Cependant, comme tous les acteurs, la Suisse fait face à un changement assez notable : on est passé d’une région où le dispositif international de stabilisation était important – avec une forte présence de l’ONU, l’Union africaine et d’autres partenaires, notamment la France – à un environnement où les chefs de file sont les Etats. On a d’abord pensé qu’on pouvait les contourner pour travailler uniquement avec les organisations de la société civile et les organisations non gouvernementales, mais ils restent incontournables. Ils sont revenus dans le « driving seat ».

 

Les bailleurs occidentaux comme la Suisse ont un rôle à jouer dans le plaidoyer, ils doivent continuer à soutenir le développement.

 

Les bailleurs étrangers doivent-ils travailler avec des régimes non démocratiques ?

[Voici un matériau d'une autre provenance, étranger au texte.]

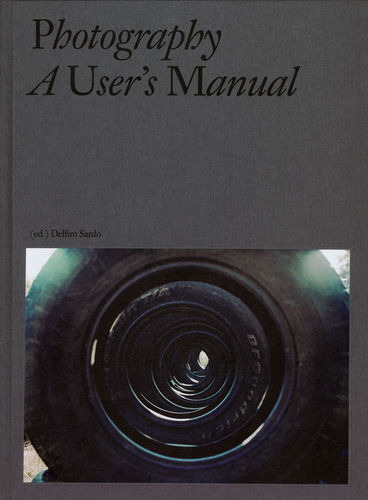 Photography: A User´s Manual  -  Sardo, Delfim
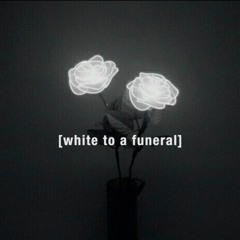 Sadlilblackboy - White To A Funeral (prod. BLVK)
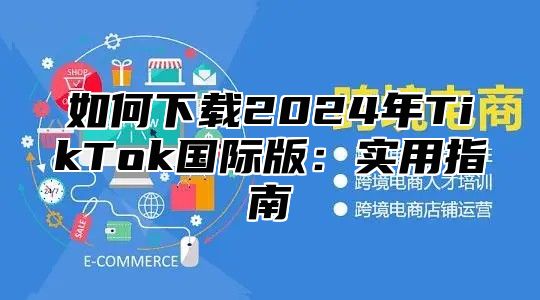 如何下载2025年TikTok国际版：实用指南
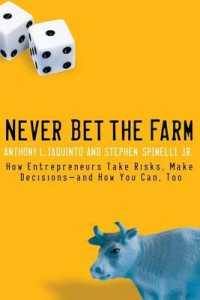 Never Bet the Farm : How Entrepreneurs Take Risks, Make Decisions--and How You Can, Too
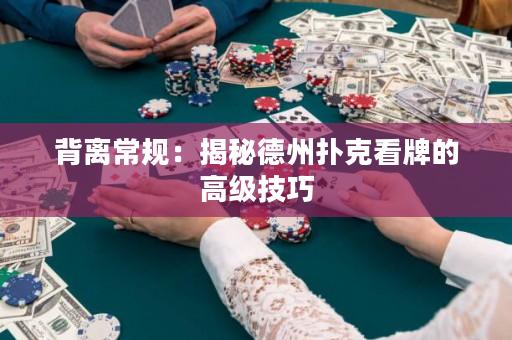 背離常規(guī)：揭秘德州撲克看牌的高級(jí)技巧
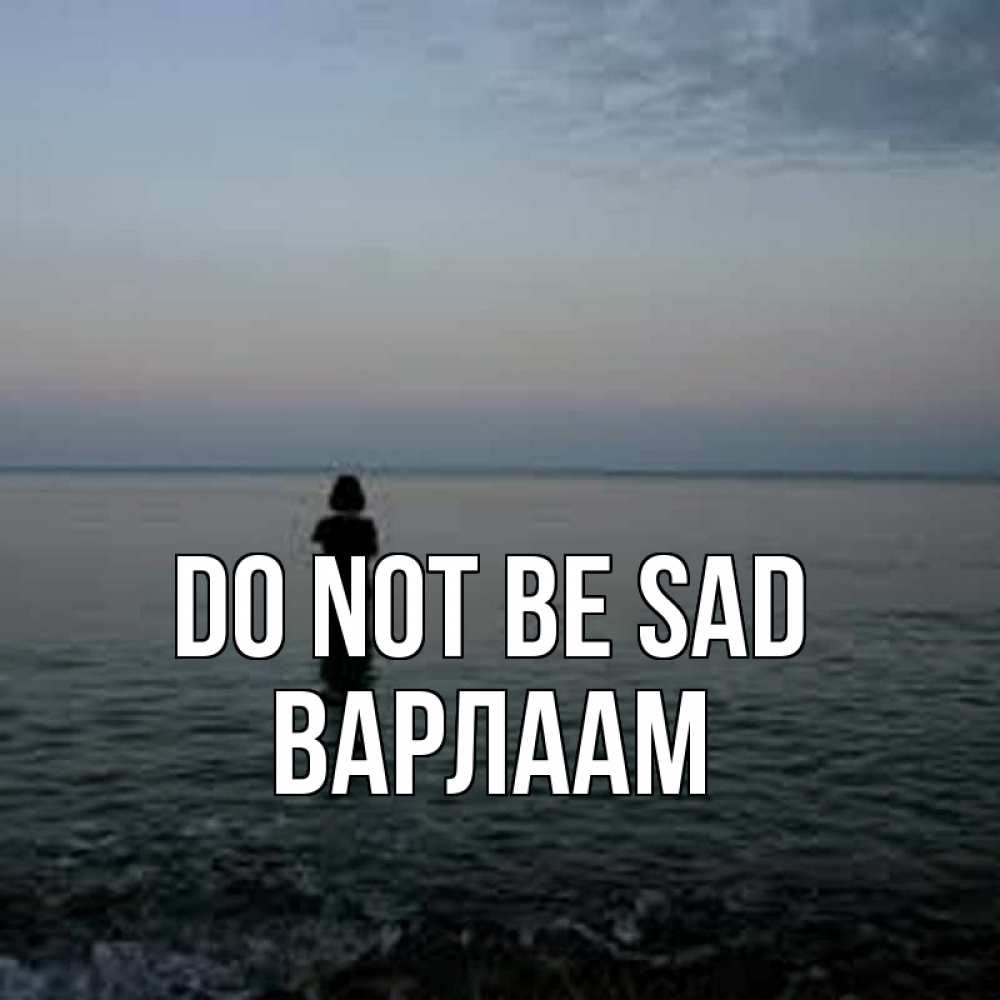 Greetings card с именем, Варлаам Do not be sad девушка Greetings with text for free download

C’est un dilemme difficile, mais on n’améliorera pas la situation sans des Etats efficaces. Il y a déjà de la collaboration avec les régimes militaires, même si c’est parfois à une échelle plus petite et sur des questions techniques. La question est donc plutôt de savoir jusqu’où la collaboration doit aller. Les bailleurs occidentaux comme la Suisse ont un rôle à jouer dans le plaidoyer, ils doivent continuer à soutenir le développement. Il vaut mieux rester engagé et saisir les opportunités et les ouvertures là où elles se présentent. On est peut-être en train de passer de moments assez durs dans la façon dont ces régimes ont mené leurs relations extérieures jusque-là, à une « Realpolitik » où ils se rendent compte qu’ils ont besoin de pays comme la Suisse, qui ont une longue tradition dans la réponse à des défis non sécuritaires. Il faut jouer la carte du long terme, c’est une façon de rester auprès des populations car leur mémoire est plus longue que celle des institutions. D’autant plus que le non-engagement a aussi un coût : celui de se faire évincer par des compétiteurs stratégiques.

Comment voyez-vous les relations avec la Chine, la Turquie et la Russie à long terme ?

On parle de nouveaux alliés, mais en réalité ils ne sont pas si nouveaux que cela. Ces pays ont des relations avec le Sahel de longue date – l’URSS au moins depuis les indépendances. La Chine aussi, du fait de son intérêt pour les terres rares ou de ses investissements dans le pétrole au Niger et le sucre au Mali, par exemple, et ça ne va pas faiblir. La Turquie a de nouvelles ambitions, elle ne se limite pas à vendre des drones aux armées. A Niamey, le nouvel aéroport et l’hôtel Radisson ont été construits par les Turcs ces dix dernières années. Ces projets s’inscrivent dans une perspective longue qui va probablement continuer, mais ces acteurs ne s’engagent pas, pour l’instant, dans les mêmes domaines que les Occidentaux, à commencer par l’aide au développement. C’est avant tout du business, avec l’achat d’équipements militaires payés comptant par les Sahéliens. Les plus gros contributeurs de la coopération au développement au Mali sont les Etats-Unis. Si le gel de 90 jours de l’aide américaine décrété par Donald Trump se poursuit, cela compliquera une situation déjà précaire. Et il est peu probable que les Européens remplacent les Américains dans ce domaine, et encore moins les Chinois ou les Turcs.